Dismissing Desdemona as a “doormat” is bad enough, but the breezy confidence of this passage is enough to bring on an earache. If you’re going to topple Shakespeare’s reputation, you have to chip carefully and relentlessly at the foundations of his work, not sit off in the corner banging on the bongos like a coffeehouse beat.

Since Mudrick is provost of the College of Creative Studies of the University of California at Santa Barbara, it’s distressing to see him phrasing his pokes at Shakespeare in the language of a surly undergraduate—as when he refers to passages of Timon of Athens as “the usual Shakespearean bullshit and hot air.” Surely Mudrick knows that Shakespeare’s reputation will prosper long after his spitballs have caked on the chalkboard, so why is he making such a commotion? Again, I think Mudrick has become overly smitten with his image as literature’s fearless enforcer; he’s taking on Shakespeare as a show of nerve. One can almost hear him boasting in an Edward G. Robinson rasp, “I don’t take nothin’ from no one, see? Flaubert, Jesus, that highfalutin Shakespeare—they get in my way and they’re Swiss cheese, nyah.”

It’s a pity Mudrick never removes his brass knuckles in Nobody Here But Us Chickens. Not only does he bruise even those writers he admires, but his unvarying sarcasm robs his rudeness of its surprising comic force. Bad manners have their place in literary criticism, after all. V. S. Pritchett is an invaluable critic, but if every critic worried a pipe and tried to imitate his sage tones it might be necessary to heave bricks through windows to let in drafts of freshening air. In his earlier collections, Mudrick was often an expert brickheaver, letting fly at the happiness-is-a-warm-puppy pieties of Robert Coles, the coziness of the Trilling-Podhoretz clique, the pretensions of structuralism (including this killer line about psychoanalytical theorist Jacques Lacan: “Lacan is doubtless an inept wizard down on his luck, having inmixed a few too many othernesses between the fading gaps of desire….”). Indeed, Mudrick won my cheers in Books Are Not Life when, after quoting a woolly paragraph from Anthony Powell’s interminable A Dance to the Music of Time, he cut loose:

Cobwebs and dishwater, condescension, malice, inertness, tics, false specification, simpering imprecision, endlessly unsorted gossip, on and on and on, not preliminaries or bridge-passages but the staple, the thing itself, the world as a closetful of baseless opinions….

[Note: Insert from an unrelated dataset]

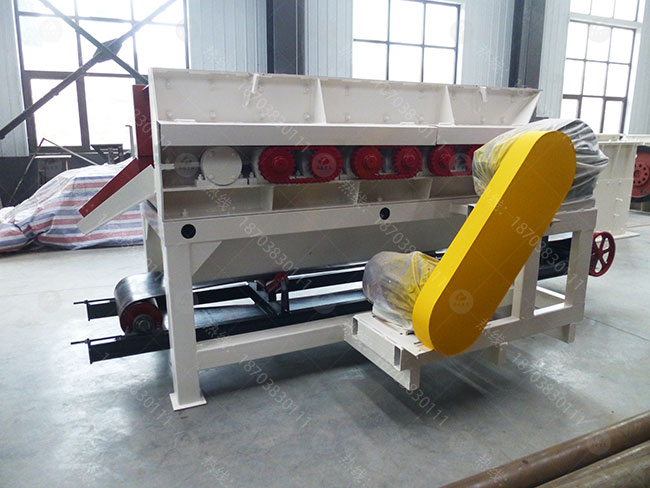 土石分離機(jī) 土石分離機(jī)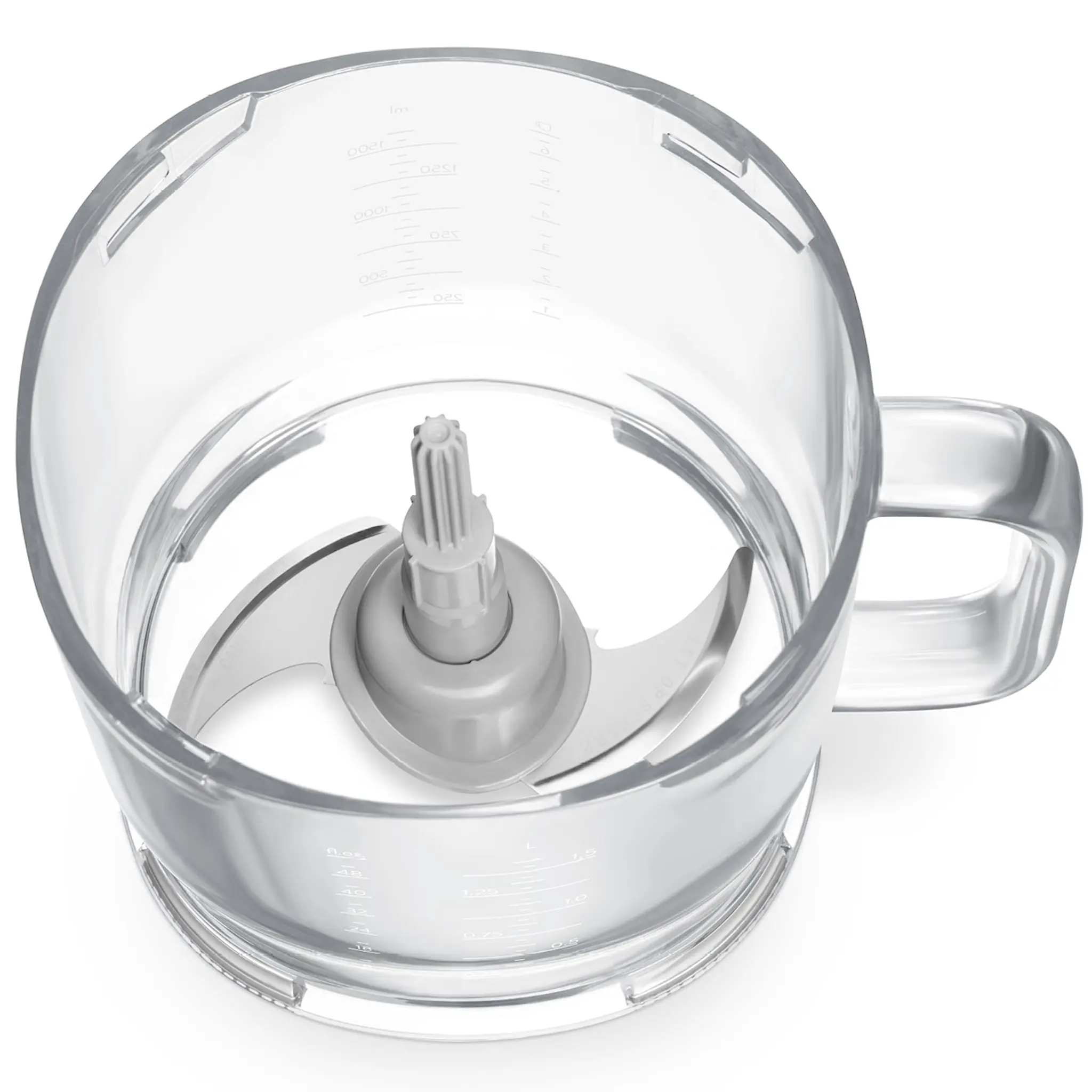 Smeg Smeg matberedare 1,5L till stavmixer HBPF11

Irritable excess is what makes the passage so effective: you can feel Mudrick’s exasperation snowballing over every rocky comma. The best of his praising essays in the earlier books—on Casanova, Lord Rochester, Harold Rosenberg—also have this spinning zest and momentum. The problem with Nobody Here But Us Chickens is that humor and malice alike have thickened, become forced, encrusted. For a man who cherishes the goodness that breathes so cleanly through Chaucer and Jane Austen, Mudrick himself seems awfully tense and tetchy in Nobody Here But Us Chickens, even bullying. In the absence of a mother hen, is Marvin Mudrick trying to set himself up as head rooster? We chickies can only dart behind the straw, and hope that the mood passes.